11.霧深き森と幻覚
陽が沈んでからの霧の森は不気味だった。
その名に違わぬ霧の濃さ。じっとりした空気が肌を撫で、手を伸ばすと指先がかすんでもう見えない。自分以外の人間なんてなおさらだった。隣を歩いているはずなのに、ふとした瞬間に見失いそうで、レミレルーアはセレヴェンスの腕を掴んだ。触っていないと不安だった。
幸いなのは、足元の草が余計な動きをしないことだろうか。昼間はあんなに足に絡みついてくるようにねっとりしていたのに、霧で湿ったからか、なにかはわからないが、今は絨毯のようにぺたりと広がっている。

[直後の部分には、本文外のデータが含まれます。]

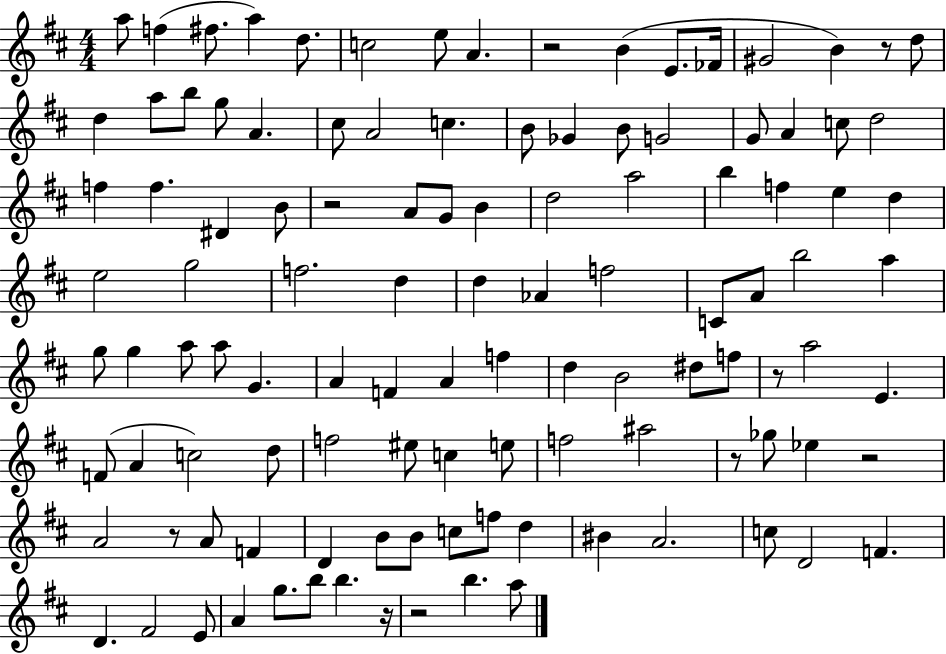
A5/e F5/q F#5/e. A5/q D5/e. C5/h E5/e A4/q. R/h B4/q E4/e. FES4/s G#4/h B4/q R/e D5/e D5/q A5/e B5/e G5/e A4/q. C#5/e A4/h C5/q. B4/e Gb4/q B4/e G4/h G4/e A4/q C5/e D5/h F5/q F5/q. D#4/q B4/e R/h A4/e G4/e B4/q D5/h A5/h B5/q F5/q E5/q D5/q E5/h G5/h F5/h. D5/q D5/q Ab4/q F5/h C4/e A4/e B5/h A5/q G5/e G5/q A5/e A5/e G4/q. A4/q F4/q A4/q F5/q D5/q B4/h D#5/e F5/e R/e A5/h E4/q. F4/e A4/q C5/h D5/e F5/h EIS5/e C5/q E5/e F5/h A#5/h R/e Gb5/e Eb5/q R/h A4/h R/e A4/e F4/q D4/q B4/e B4/e C5/e F5/e D5/q BIS4/q A4/h. C5/e D4/h F4/q. D4/q. F#4/h E4/e A4/q G5/e. B5/e B5/q. R/s R/h B5/q. A5/e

昼間とはまったく様子が違う。別の森に迷いこんだのかと思うほどだった。
(昼と夜ってだけで、こんなに……)
騎士たちが、なにがなんでも夜までに調査を切り上げてくる理由がわかった。これは、迷子になるどころの話ではない。
(足手まといにならないようにしないと……!)
魔物に出くわしたらすぐに身を隠す。足を引っかけて転ばないようにする。自分の居場所をセレヴェンスが把握できるようにする。戦えないレミレルーアは、とにかく気を張っていなければいけない。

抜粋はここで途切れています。